The server A creates some data and save it to the database, using Django ORM, and send a request to the server B telling B to process the data server A just saves to database. Server B gets the request and needed information to process the data the server A saved to the database. The problem is server B cannot find the data server A just saved. What is going on???
My first suspect is that when server A saves the data, it might take a little time to MySQL to save it, so before data is actually stored to db, server B gets the request and cannot find it. But this is not true, when the error also come after 30 seconds ... It cannot be that saving data to database takes more than 30 seconds.
Then I suspect the cache of Django ORM, it is possible that the Django ORM retains its own cache, it retrieves data without really hit the database, and only refresh after a certain time. But then I find out that Django ORM does not really have any caching mechanism at all. But when I tried to use direct access to MySQL, the data can be found. So what is going on?
The problem is due to a thing I never thought of. The cache of MySQL database. The scenario is as followed, to save the time, usually a server retain a certain connection (session) to the database server when requesting multiple queries in its life span. It is not efficient to create and close the connection when making connection for each query. Server A retain a connection (session) to MySQL server, writing or reading data has no problem at all. In the same meaning, the server B also retains the same connection with MySQL server. Even after the server A saves the data, MySQL server still not updates or reflects the new data to the connection made and retained by B. This is due to the cache set up in MySQL database. That's why server B cannot find the database made by A. So we know the reason, how can we solve the problem? Two options
1. Disable the cache in MySQL, usually this is not the good option since the cache will improve significantly the performance of MySQL and usually we don't have root access to MySQL db at all
2. Easier one and feasible one, restart the connection to database before processing new request sent from server A. It is a bit less efficient, but it's working properly. The problem is how to reset the connection to db in Django ORM. Django ORM in fact dos not support any method to reset the db connection. Finally I found the trick to do that.

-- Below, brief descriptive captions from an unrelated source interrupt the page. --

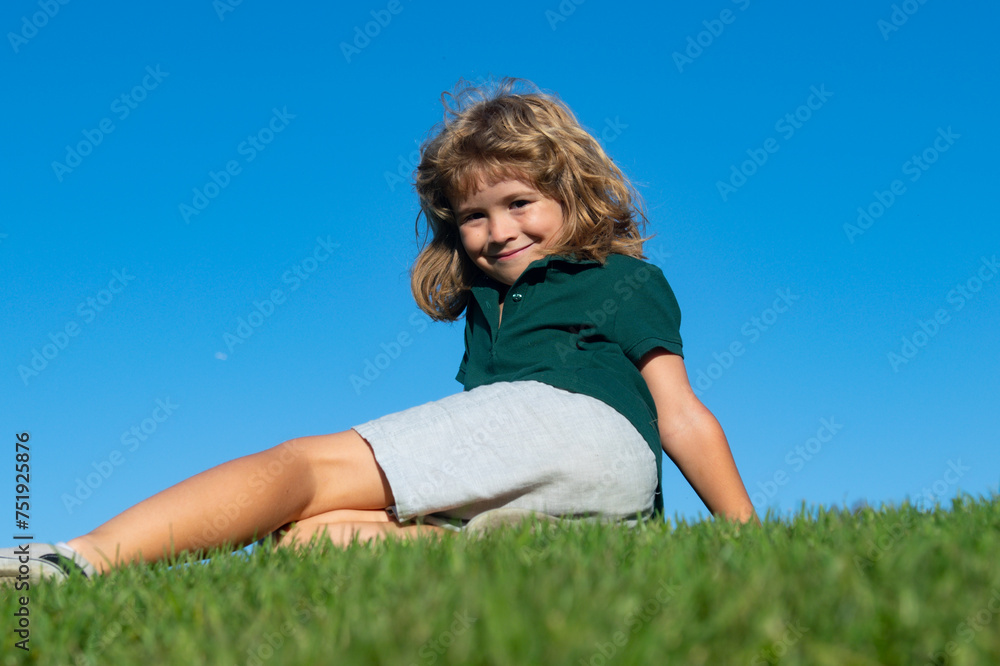Portrait of a smiling child lying on green grass. Cute kid boy enjoying nature outdoors. Healthy carefree kid playing outside in summer park. Healthy kids outdoor lifestyle concept. Portrait of a smiling child lying on green grass. Cute kid boy enjoying nature outdoors. Healthy carefree kid playing outside in summer park. Healthy kids outdoor lifestyle concept.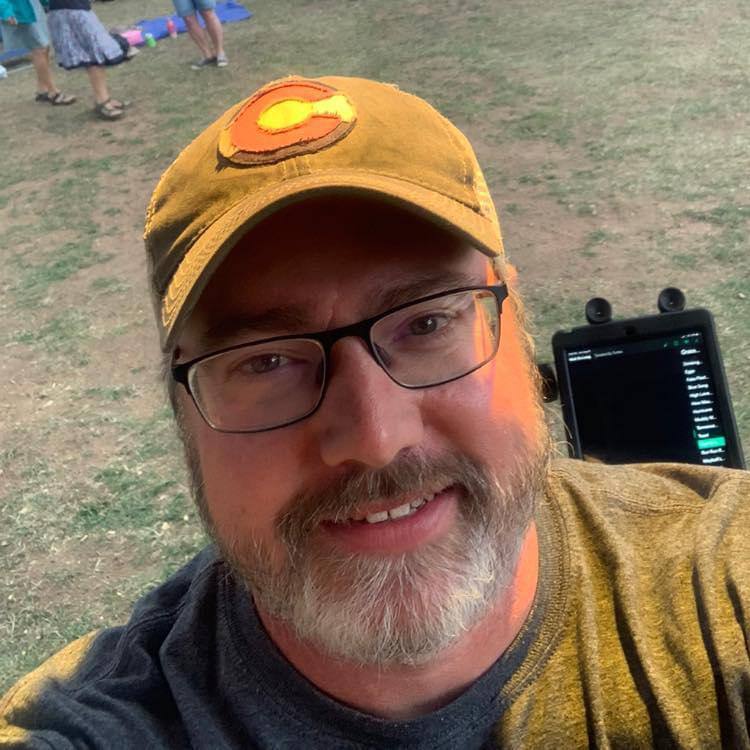 Lance smiling in a Colorado cap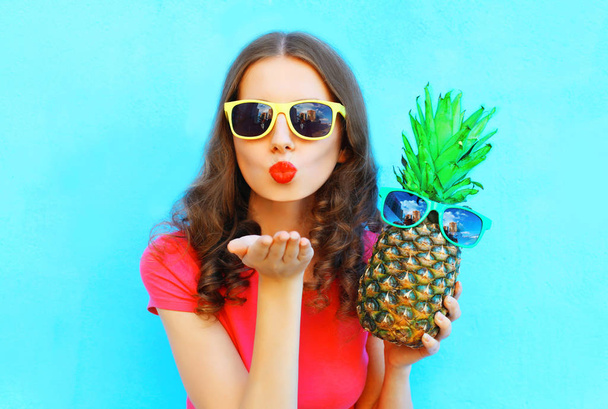 Fashion woman in sunglasses with pineapple sends an air kiss ove - Фото, изображение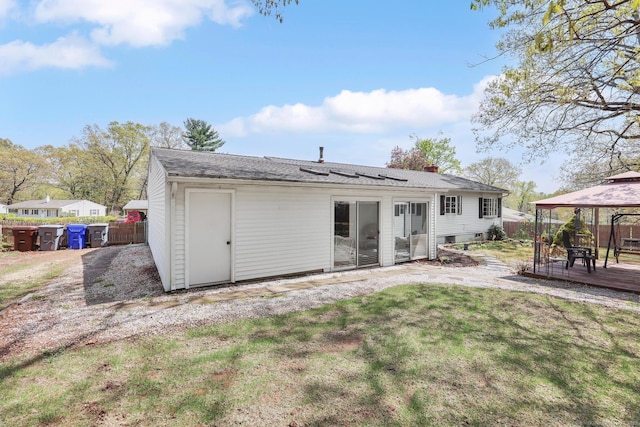 7 Sharren Ln, Enfield, CT 06082 - back of property with a yard, a chimney, a deck, fence, and a gazebo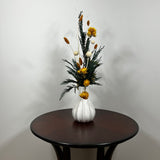 White modern ceramic vase filled with lush, deep green preserved Cedar. Rising from this foliage is a luminous cascade of golden Helichrysums (strawflowers) and vibrant yellow Achillea Parker (Yarrow), enhancing the arrangement's sun-kissed glow. These golden plumes are beautifully contrasted by the crisp, sculptural spheres of bleached white Craspedia and playful white curly ting ting. The arrangement is on a dark wooden table against a light grey background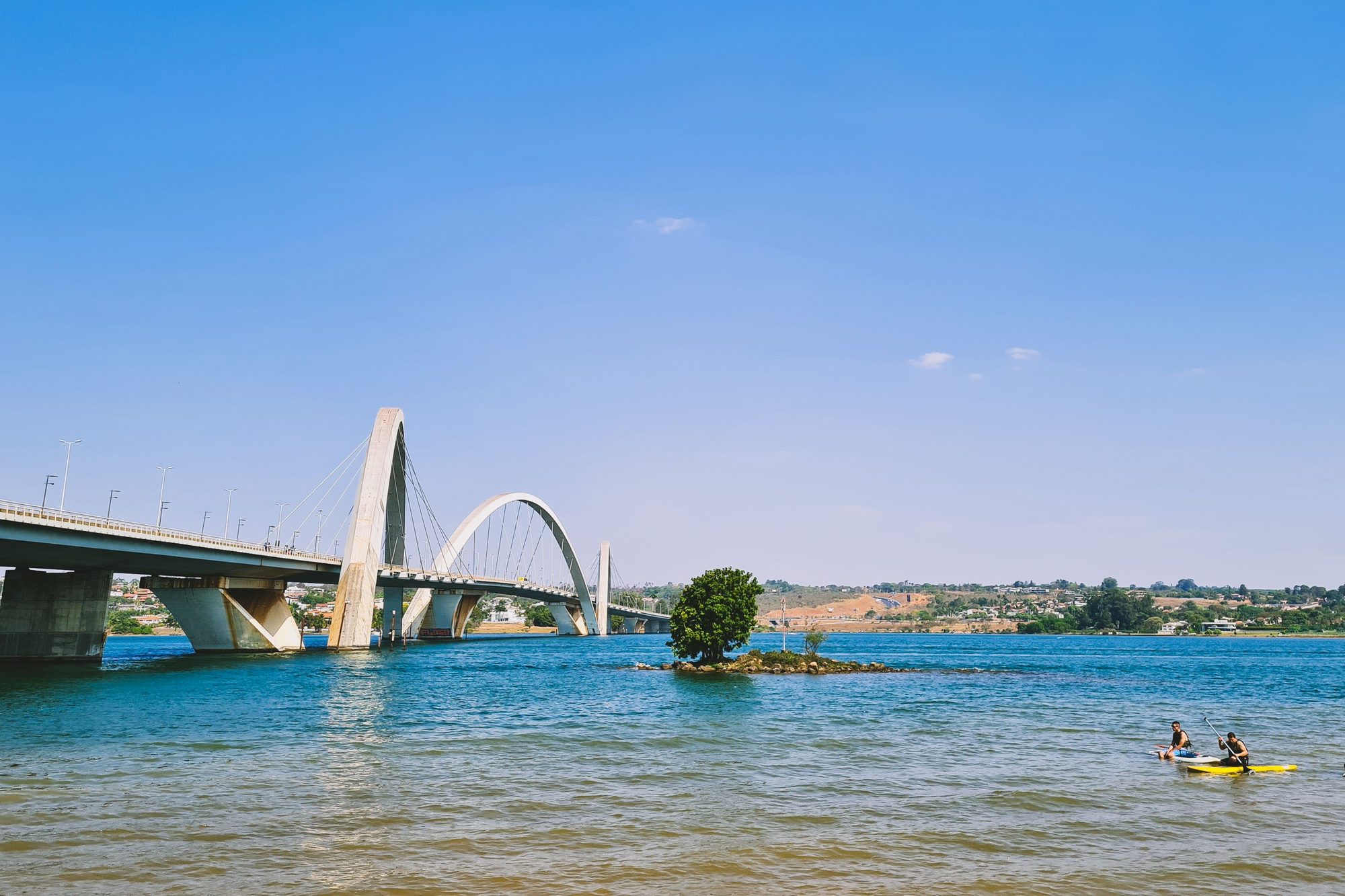 Duas pessoas num caiaque amarelo e outra em pé numa prancha de stand up nas águas do Lago Paranoá, com a Ponte JK e seus arcos brancos ao fundo, num dia de céu azul.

from django.db import connection
This is not actually reseting the connection to db, but in fact close it. However, when you make a new query by Django ORM, the connection will be created again when it is seeing that the connection is closed before, it turns out a way to reset the db connection.
Even though this happens in the case the server is using Django framework in Python. But the problem might happen to other platforms as well. There are many chances you see the system with different servers access or share the same resource. Pay attention and make sure that the resource reflect the change effectively and the server can always obtain the latest state, without cache or delay in storing data. Otherwise, it can happens in a way that the server B lost the data or mis-used the data saved by other servers.